Where for example Bluetooth technology is employed in the
communication link, a one-time identifier is assigned to the
connection during connection setup for associating the
intercommunicating parties with each other. Alternatively, the
communication link may for example comprise an infrared link. The
information to be transmitted can be encrypted by means of the
telecommunication terminal, such as the preferred mobile station,
in which case the actual encryption of the transmitted information
may for example be performed by means of or within a subscriber
identity module which contains the keys required for encryption
and/or digital signing of the information.
[0016] The service apparatus receives the encrypted message from
the telecommunication terminal. Part of the message may consist of
a service provider's network address as determined by the terminal.
The network address may also be determined in the service apparatus
when it is known which service is intended to be accessed by the
user. Based on the determined network address, the message is
transmitted to the service provider. The network address is
preferably an IP (Internet Protocol) address, which does not
actually define the receiving machine but, rather, unambiguously or
uniquely defines the connection within the world. It should also be
understood that although the telecommunication network is described
herein as the Internet, this network identification is solely by
way of illustrative example and it is fully contemplated and
intended that the telecommunication network in accordance with the
invention may alternatively be any desired or otherwise available
or suitable network, such as a bank payment network.

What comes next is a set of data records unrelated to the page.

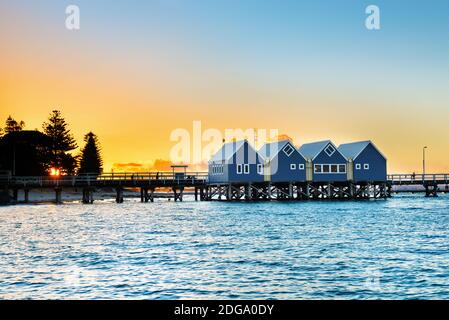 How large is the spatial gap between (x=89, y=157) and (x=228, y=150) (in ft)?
163

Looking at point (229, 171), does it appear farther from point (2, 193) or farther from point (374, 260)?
point (374, 260)

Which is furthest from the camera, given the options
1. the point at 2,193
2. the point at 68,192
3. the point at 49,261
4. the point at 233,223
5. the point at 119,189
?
the point at 68,192

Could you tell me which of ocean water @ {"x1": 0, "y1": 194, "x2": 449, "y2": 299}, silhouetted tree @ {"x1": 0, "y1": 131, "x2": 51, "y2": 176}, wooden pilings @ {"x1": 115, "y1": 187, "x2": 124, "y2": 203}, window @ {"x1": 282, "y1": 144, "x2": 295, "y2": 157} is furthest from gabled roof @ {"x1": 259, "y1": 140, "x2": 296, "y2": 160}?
silhouetted tree @ {"x1": 0, "y1": 131, "x2": 51, "y2": 176}

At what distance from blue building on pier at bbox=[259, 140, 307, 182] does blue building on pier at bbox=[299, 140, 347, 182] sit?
1562mm

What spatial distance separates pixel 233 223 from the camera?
39.3 meters

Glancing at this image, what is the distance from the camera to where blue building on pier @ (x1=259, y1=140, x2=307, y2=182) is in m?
69.4

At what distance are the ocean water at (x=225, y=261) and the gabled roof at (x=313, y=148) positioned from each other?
113ft

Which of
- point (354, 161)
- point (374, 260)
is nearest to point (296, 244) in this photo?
point (374, 260)

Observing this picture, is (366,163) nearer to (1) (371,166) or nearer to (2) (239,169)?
(1) (371,166)

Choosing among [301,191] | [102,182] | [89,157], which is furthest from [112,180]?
[89,157]

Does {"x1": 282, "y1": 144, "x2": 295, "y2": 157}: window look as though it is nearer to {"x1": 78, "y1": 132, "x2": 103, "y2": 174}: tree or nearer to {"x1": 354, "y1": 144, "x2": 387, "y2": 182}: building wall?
{"x1": 354, "y1": 144, "x2": 387, "y2": 182}: building wall

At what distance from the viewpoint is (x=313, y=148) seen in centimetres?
7425

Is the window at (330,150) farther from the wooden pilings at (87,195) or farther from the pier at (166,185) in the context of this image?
the wooden pilings at (87,195) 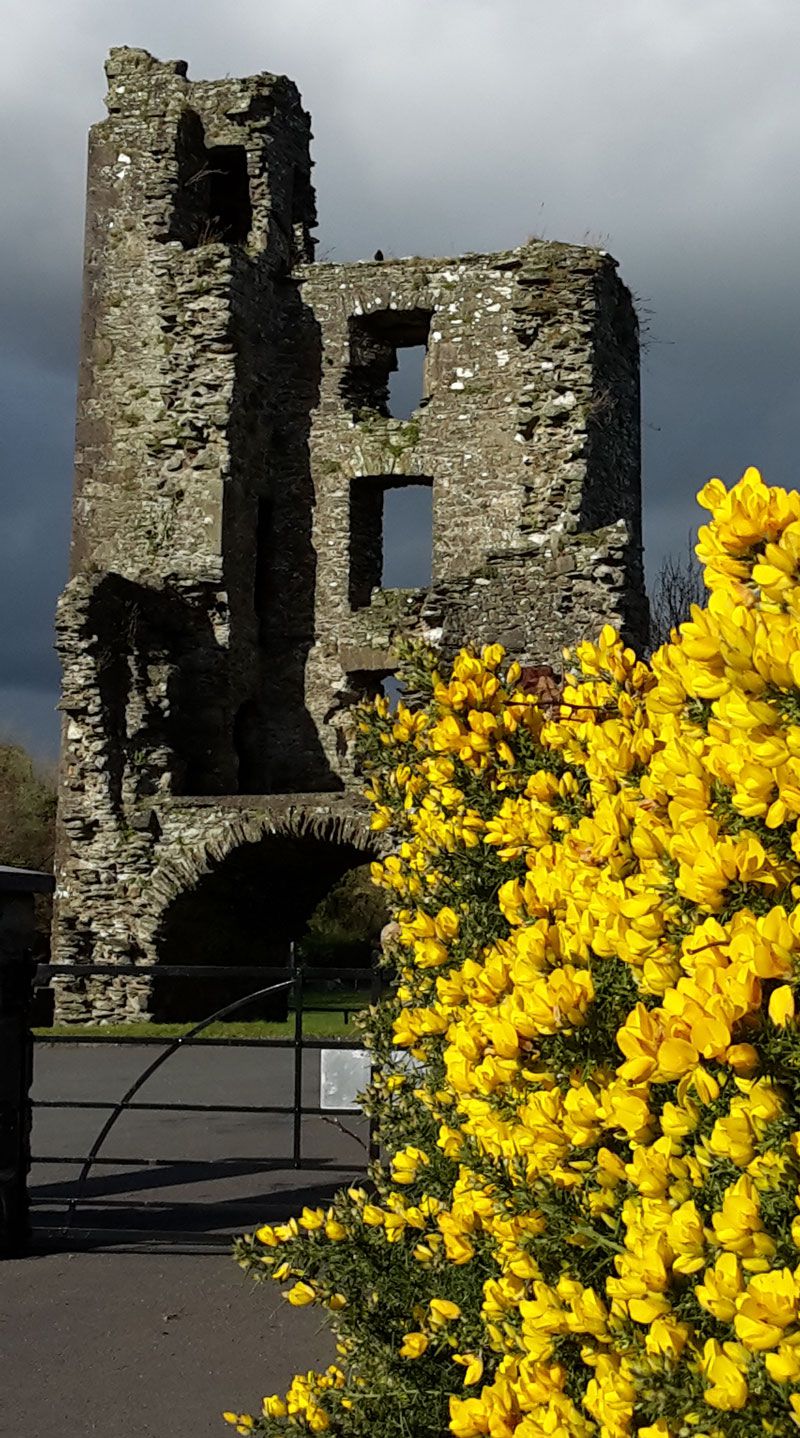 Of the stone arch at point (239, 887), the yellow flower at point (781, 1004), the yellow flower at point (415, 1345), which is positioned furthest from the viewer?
the stone arch at point (239, 887)

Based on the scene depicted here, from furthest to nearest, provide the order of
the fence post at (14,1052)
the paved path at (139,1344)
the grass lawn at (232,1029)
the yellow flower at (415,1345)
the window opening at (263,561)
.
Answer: the window opening at (263,561) < the grass lawn at (232,1029) < the fence post at (14,1052) < the paved path at (139,1344) < the yellow flower at (415,1345)

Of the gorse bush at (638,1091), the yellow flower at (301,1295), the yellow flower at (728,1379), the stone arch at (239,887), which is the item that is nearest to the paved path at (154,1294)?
the yellow flower at (301,1295)

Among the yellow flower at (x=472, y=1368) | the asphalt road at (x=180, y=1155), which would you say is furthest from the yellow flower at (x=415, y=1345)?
the asphalt road at (x=180, y=1155)

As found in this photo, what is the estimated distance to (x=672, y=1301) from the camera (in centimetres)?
207

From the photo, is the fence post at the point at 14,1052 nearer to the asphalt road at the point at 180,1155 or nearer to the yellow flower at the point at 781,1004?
the asphalt road at the point at 180,1155

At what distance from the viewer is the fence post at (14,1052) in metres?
6.39

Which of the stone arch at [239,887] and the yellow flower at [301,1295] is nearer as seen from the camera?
the yellow flower at [301,1295]

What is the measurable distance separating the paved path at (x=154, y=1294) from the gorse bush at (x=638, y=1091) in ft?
4.44

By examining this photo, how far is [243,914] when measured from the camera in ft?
65.8

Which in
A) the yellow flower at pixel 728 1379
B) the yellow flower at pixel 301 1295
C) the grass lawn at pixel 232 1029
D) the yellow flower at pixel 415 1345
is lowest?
the grass lawn at pixel 232 1029

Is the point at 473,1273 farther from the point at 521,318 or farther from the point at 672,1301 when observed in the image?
the point at 521,318

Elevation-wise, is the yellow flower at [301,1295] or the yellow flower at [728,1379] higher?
the yellow flower at [728,1379]

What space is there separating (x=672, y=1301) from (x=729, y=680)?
88cm

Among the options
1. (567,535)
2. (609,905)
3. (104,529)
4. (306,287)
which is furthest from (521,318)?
(609,905)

[0017] In the inventive method, the telecommunication terminal
and/or the service apparatus and/or the service provided by the
service apparatus is assigned an unambiguous identifier. This
identifier may be associated with predetermined encryption and/or
signing keys. In implementing encryption, the information received
from the telecommunication terminal is encrypted and/or digitally
signed using the keys associated with the service apparatus and/or
the service-specific unambiguous identifier, and the encrypted
and/or signed information is transmitted or sent over the
telecommunication network to the service provider to a network
address determined by the telecommunication terminal or service
apparatus. When the service provider receives the encrypted
message, the keys needed for its decryption can be determined on
the basis of the identifier that forms a part of the message. In
practice, the implementation may be such that the service provider
and/or service apparatus communicates with a trusted third party
(TTP), as via the telecommunication network. The trusted third
party maintains a database containing the encryption and/or signing
keys that are associated with each unambiguous identifier.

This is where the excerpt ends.